そうだと思います。だから、先生たちも自由度が高い分、責任感も強くなるし、嫌々先生をやっている人は少ないと思います。
―エフタスコーレの良いところはどんなところだと思いますか?
何といっても、対象としている年齢ですね。多感な時期である思春期は人生にとって大事だと思っていますが、親以外の大人の人たちと密に関われる機会は非常に有用だと思います。親以外の親とも言える大人が先生な訳ですが、先生との緻密な関係から学べることは多くあると思います。科目を教える先生と生活指導など生活の面倒をみる先生が同じで、寮母さんなどは基本的にいません。だからこそ、先生が親代わりになります。多くのエフタスコーレでは、10人前後の生徒から成るコンタクトグループという制度を作っていて、そこに担任の先生がつきます。なんでも話せる先生として、非常に親しくなりますね。
それから、同世代の仲間が得られるということも大きな魅力だと思います。同じエフタスコーレを選んでいるので音楽が好き、サッカーが好きなど興味関心が似ている同世代と100人~150人で一緒に住んで、笑いながら泣きながらたくさんのことを学びます。
「子供をエフタスコーレに入学させると、大人が帰ってくる」と言われるほど、生徒の人間的な成長が顕著に見られ、保護者にも人気の選択肢です。また掃除、料理、洗濯など身の回りのことも友達や先生に助けられながら、自分で責任を持ってすることになるので、生活面での成長も大きいと思います。
エフタスコーレの施設を利用したイベントに参加した際に筆者撮影 |
エフタスコーレの先生ってどんな職業?
―エフタスコーレの先生は、普通の学校の先生と違うのでしょうか?
私は日本の大学を卒業した後に、デンマークの自由教育大学という教員養成大学を卒業しました。これが資格といった感じでしょうか。デンマークでは特に資格という概念はないですが。この大学は、エフタスコーレ・フリースコーレ・フォルケホイスコーレといったデンマークの小学校から大学までの教育課程とは別にある学校の先生を養成する国内でも変わった大学です。この大学はカリキュラムがおもしろくて、5年制で最初の2年間は理論も勉強しながら基礎を学ぶ。その間に1ヶ月ずつ実習にも行ったりします。
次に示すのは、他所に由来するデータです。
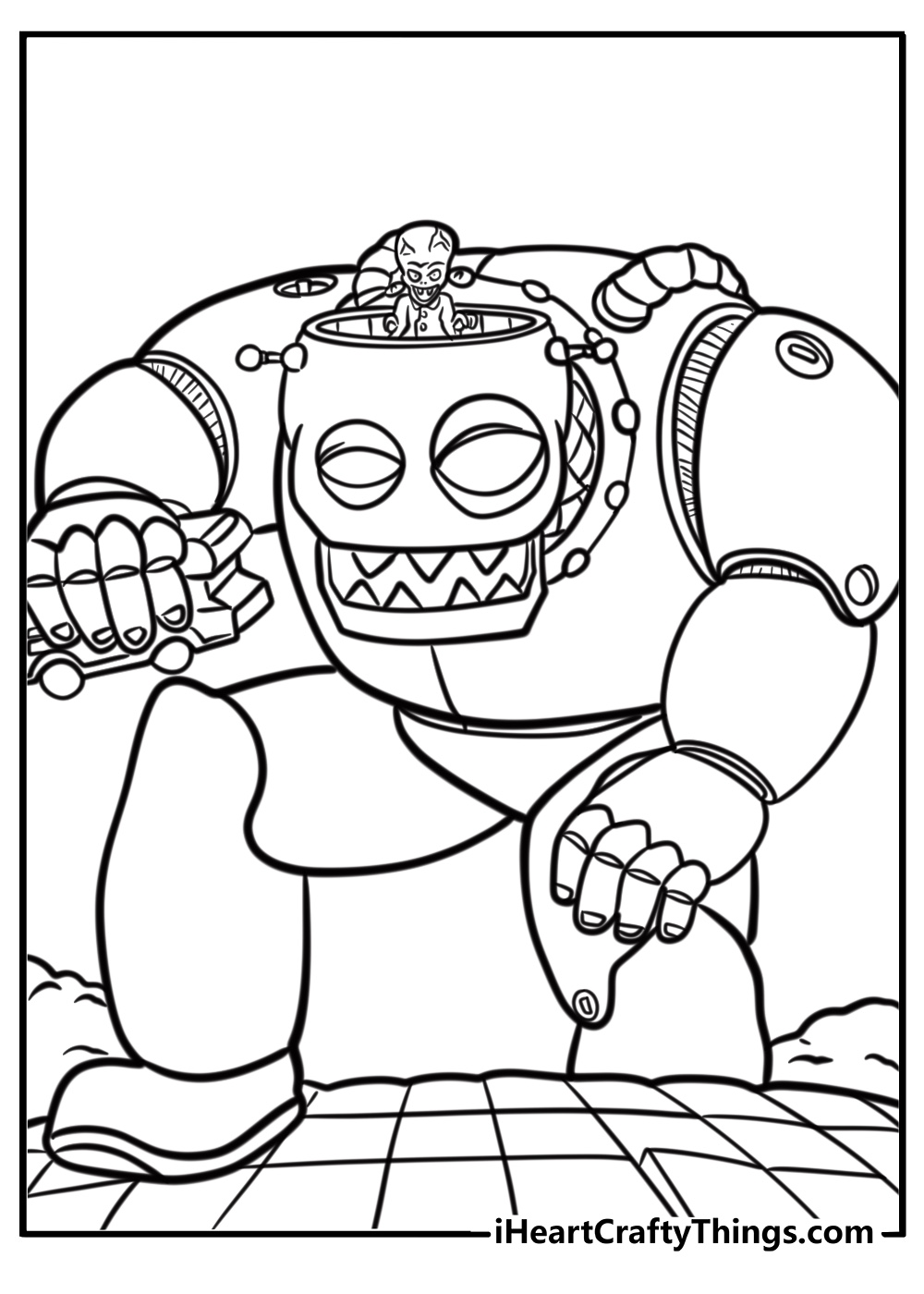 Dr. Zomboss in his giant machine coloring page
そしてその次の1年間はフルタイムでエフタスコーレ・フォルケホイスコーレ ・フリースクールのどれかにフルタイムで働く。3年で辞めても働くこともできるのですが、その後大学に戻って2年間、フルタイムの1年間の経験を元に、もっと大学で学びを深めるというカリキュラムになっています。
―ともみさんは何を教えているのですか?
私は数学と選択授業として、音楽、日本語、ハンドクラフトなどを教えています。年度によって受け持つ科目が変わったりします。―そんなにたくさんの教科を教えているのですね。
デンマークの先生は複数の教科を教えられることが普通です。数学、英語、デンマーク語のうち2つ以上持っている人は多いですね。私は英語、数学、音楽、デザイン、メディアの5つを大学で取っていて、今は数学をメインで使っている形です。
―先生の労働環境としてはどうですか?
1年間の平均をすると、週37時間労働になるようになっています。(デンマークの平均労働時間は週39時間。)授業は90分授業を10コマ持っていて15時間。90分の授業時間の準備時間として90分労働時間が確保されていて、これは家でもどこでもやって良いようになっています。あとは、放課後や週末、夜の当番があったり、エフタスコーレはイベントが多いのでそのための出勤があったりします。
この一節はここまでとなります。